セクビュのことこれまで「似たもの同士」だと思ってて。でもテラくんは秘密を持っていて、天彦は胸の内まで曝け出すような感じで。天彦はオープンすぎてヤバいところがあるのですが(そりゃなんでもないときに開口一番「セクシー」はヤバいでしょうよ)、そのヤバさもちょっと羨ましかったのかもしれません。
「こいつはヤバいけどそのヤバさに自分は救われてきた」作品、か……。
『バスは来ない』でテラくんが理解お兄さんに「君がいなきゃ僕ら終わってたよ」が出てきたのも思い出しました。本当にそう。わたしもみんながいなければ今頃骨壺の中だったかもしれない。
今回のファインプレー賞ほんとに分からなくて、なんかもうみんな……みんな優勝というか。見たら猿ちゃんだったんです。ってことは……秘密を明かそうとしたテラくんの声を遮ったあのシーン?
あそこであのまま明かされてしまっていたらブレイクには至らなかった。本人はただオバケにビビっていただけかもしれないけどナイスタイミング。まさかケルベロスさんと打ち合わせてたとかは……ないですね! あのビビりは本物ですよね
「ブス」「はあ〜!?」もお決まりだけど今日も世界にありがとうの気持ちで見ていました。微笑ましい。いじったりいじられたり。

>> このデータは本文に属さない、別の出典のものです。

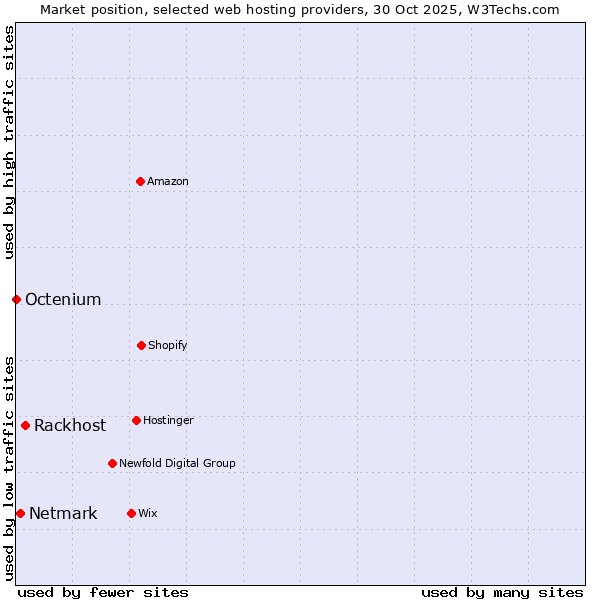 Market position of Rackhost vs. Netmark vs. Octenium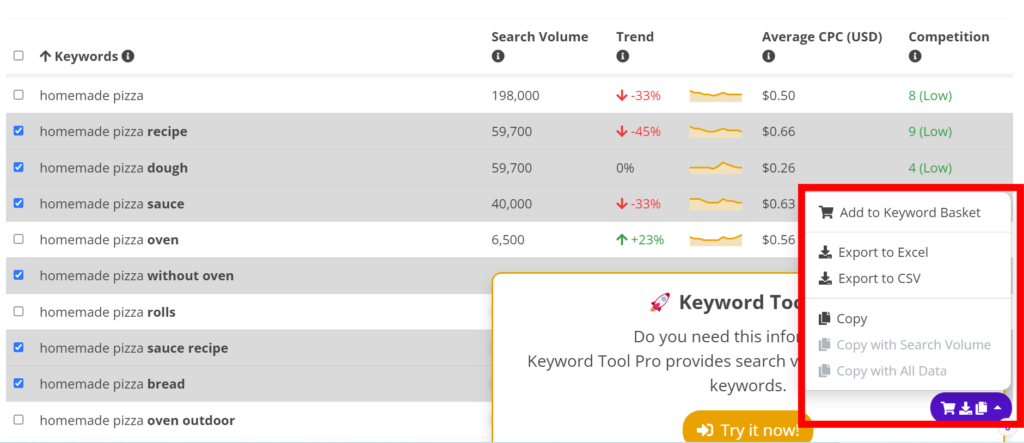 Location of the export functions in Keyword Tool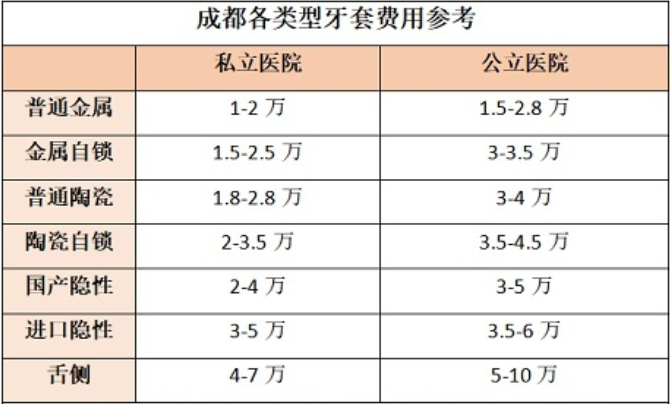 成都牙齿矫正到底是公立好还是私立医院好医生怎么选面诊要多对比方案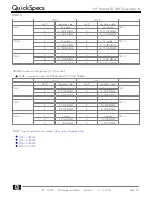 Предварительный просмотр 37 страницы HP ProLiant DL160 Generation 6 Specification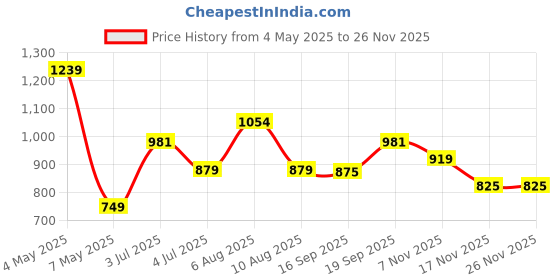 amazon.in Transcend 128GB JetFlash 790 Super Speed USB 3.0 Pen Drive, White transcend Price History Graph from 4 May 2025 to 24 Nov 2025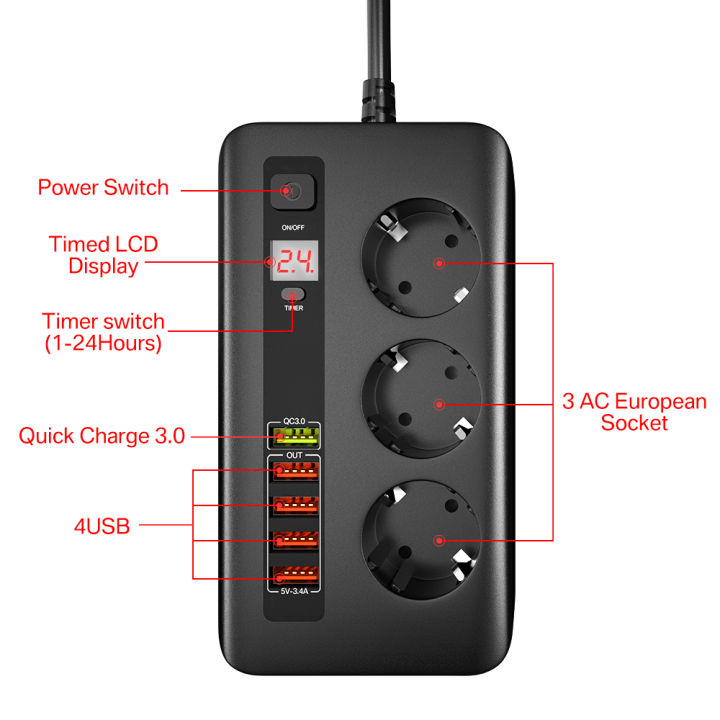 eu-plug-power-strip-5-usb-port-charger-socket-2500w-quick-charge-qc-3-0-charger-3-eu-outlets-power-adapter-for-phone-computer-tv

いつものテラくんなら「猿川くん本当にオバケ怖いんだ!」と笑っていそうなところだけど、ここでは「オバケ」と「怖がり」という対面なんだ……。でも正体がわかったらいつもの関係に戻れて、オバケがテラくんであることをダメ押しで証明した。
いや待って、ファインプレーは最後のセリフか。
これですね……
『テラ会議』もなんだかんだしっかり聞いてくれてたんだなあ。自分のいいところが湯水のように湧き出るさま、結構心に残っていたのかも。猿ちゃんは自分のカリスマ性を「生きづれぇ」とまで思っているし、捨てた故郷の仲間のこともリュウのことも、どうしても責任を感じてしまっていただろうし。セカンドシーズン前半にいろいろカタはついたけど、特にリュウについてはまだ思うところあるだろうしなあ。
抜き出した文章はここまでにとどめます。